John Lackey isn't riding off into the sunset just yet, but is a Cubs reunion in the cards?

John Lackey is not riding off into the sunset just yet.

The veteran cowboy/pitcher/haircut-non-getter has always said he wouldn't announce his retirement and just march quietly back to his Texas home with nothing close to a David Ross-esque farewell tour.

Lackey — who just turned 39 last month — is not ready to call it quits, according to Jon Heyman:

Lackey went 12-12 with a 4.59 ERA in 2017, while giving up a league-high 36 homers. But he was hardly the only pitcher directly affected by the home run explosion in baseball in 2017 and he made 30 starts for the ninth time in his career.

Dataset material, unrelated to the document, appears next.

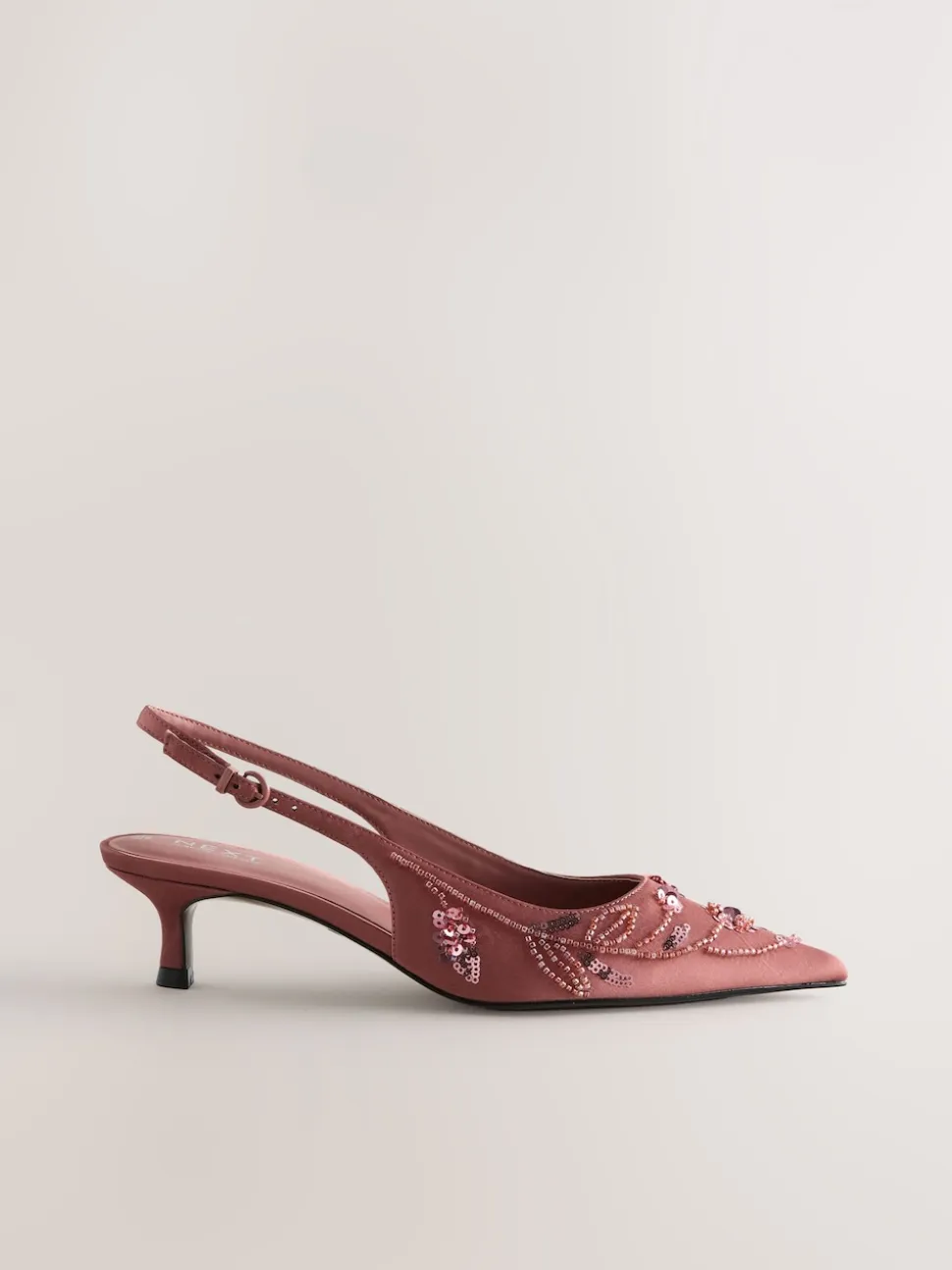 Rose - Forever Comfort Chaussures à talons chatons à bride arrière avec perles en satin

It is curious that Lackey's sources have already said he'll be back in 2018 after his good buddy Jon Lester toasted to what was "probably" Lackey's last regular season start in St. Louis in late September:

The day the Cubs were eliminated from playoff contention last month, reporters crowded around Lackey's locker in an effort to interview him before he rode off into the sunset, but he shut that down immediately, waving off the Chicago media.

So if he does return to professional baseball, is a reunion in the cards for the Cubs and Lackey in 2018? 

The Cubs have two openings in their starting rotation and Lackey is a guy that can eat up innings as a quality No. 5 starter — he went 6-2 with a 3.82 ERA, 1.18 WHIP and 8.3 K/9 in his last 12 starts of 2017.

But Lackey's year was also rocky, though that's probably to be expected of a guy who is ridiculously competitive and never hesitates to speak his mind.

He had an issue with Anthony Rizzo in the dugout in late July and was ejected in an epic tirade in mid-September. He also gave up the walk-off homer to Justin Turner in Game 2 of the NLCS and surrendered four runs on five hits and a pair of walks in 3.2 postseason innings as he was relegated to the bullpen.

At this point in his career, a move back to the American League would be at least a little head-scratching and the only two National League teams he's pitched for are the Cubs and St. Louis Cardinals. It would make sense that he would prefer to return to a team, situation and city he's already familiar with, so the Cubs and Lester may have the inside track at retaining Lackey's services if they so choose.

But the Cubs also may want to get some fresh blood in the starting rotation rather than a quick fix that would probably only be for the 2018 campaign.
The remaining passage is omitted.